Entries taken from a collection >>
■ ■ ■ ■ ■

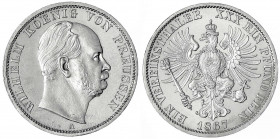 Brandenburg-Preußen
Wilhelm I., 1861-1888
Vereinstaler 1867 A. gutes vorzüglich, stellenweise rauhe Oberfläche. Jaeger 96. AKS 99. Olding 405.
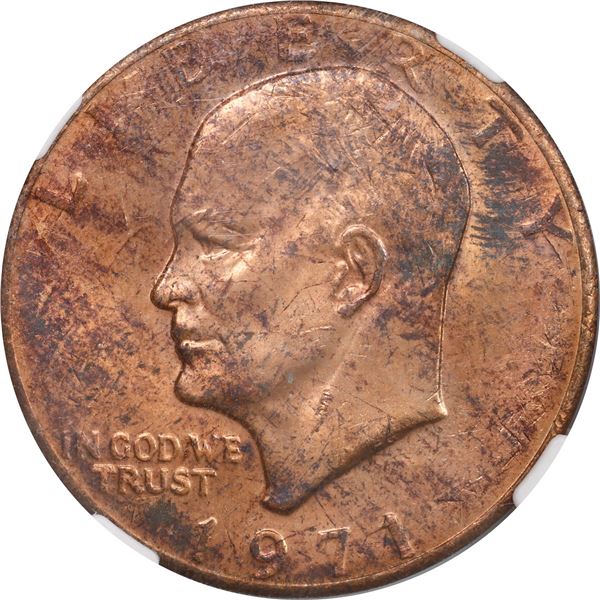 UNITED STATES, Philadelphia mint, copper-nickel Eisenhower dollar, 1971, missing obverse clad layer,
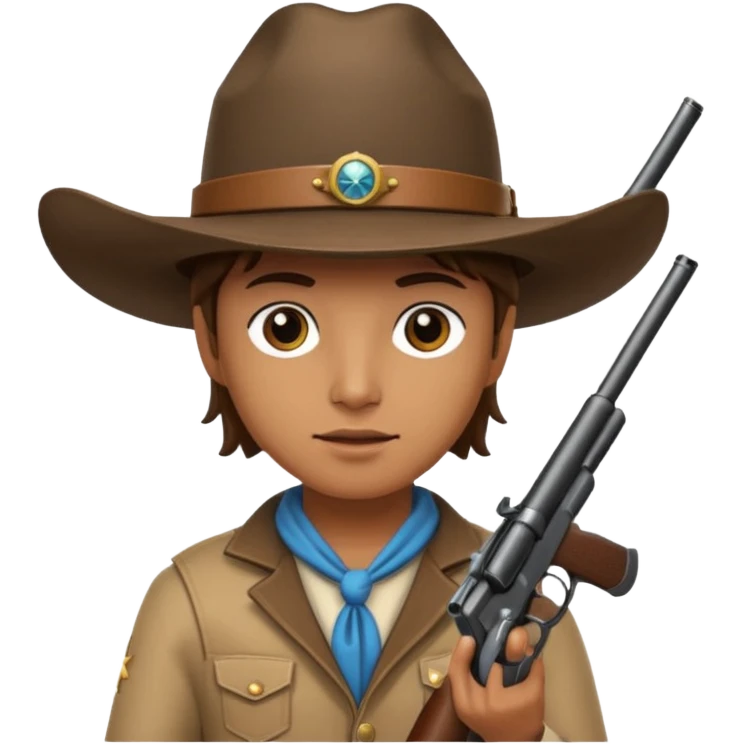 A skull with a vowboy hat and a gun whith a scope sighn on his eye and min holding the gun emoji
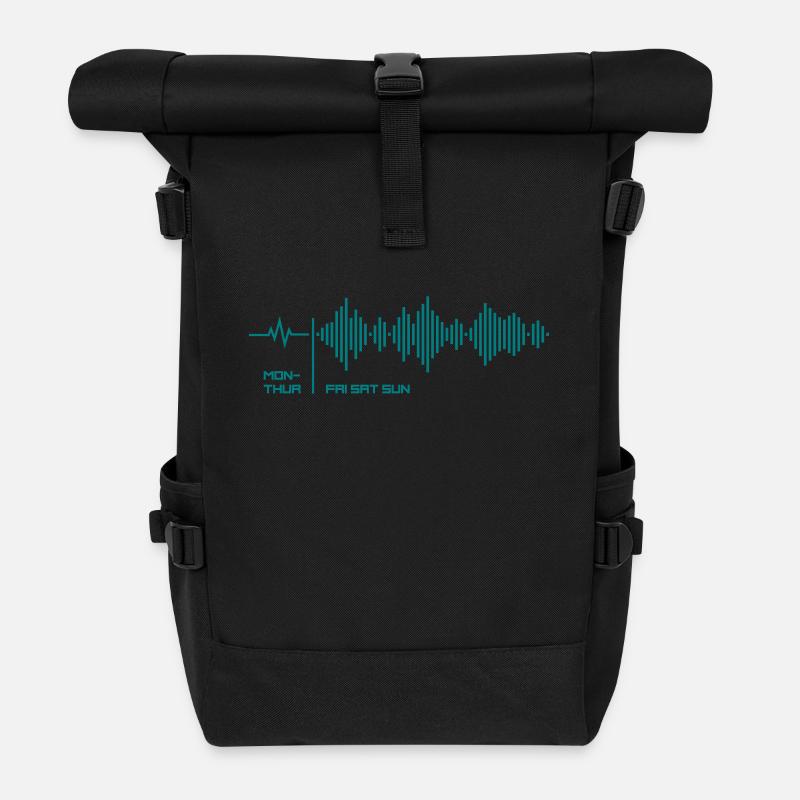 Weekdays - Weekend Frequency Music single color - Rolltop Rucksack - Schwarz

■ ■ ■ ■ ■

Task requirements >> Whatever lies between the first line of the data and the line holding "UNITED STATES, Philadelphia", inclusive, should be repeated exactly, apart from the pictures.

Response to the exercise >>
 Brandenburg-Preußen
Wilhelm I., 1861-1888
Vereinstaler 1867 A. gutes vorzüglich, stellenweise rauhe Oberfläche. Jaeger 96. AKS 99. Olding 405.
 UNITED STATES, Philadelphia mint, copper-nickel Eisenhower dollar, 1971, missing obverse clad layer,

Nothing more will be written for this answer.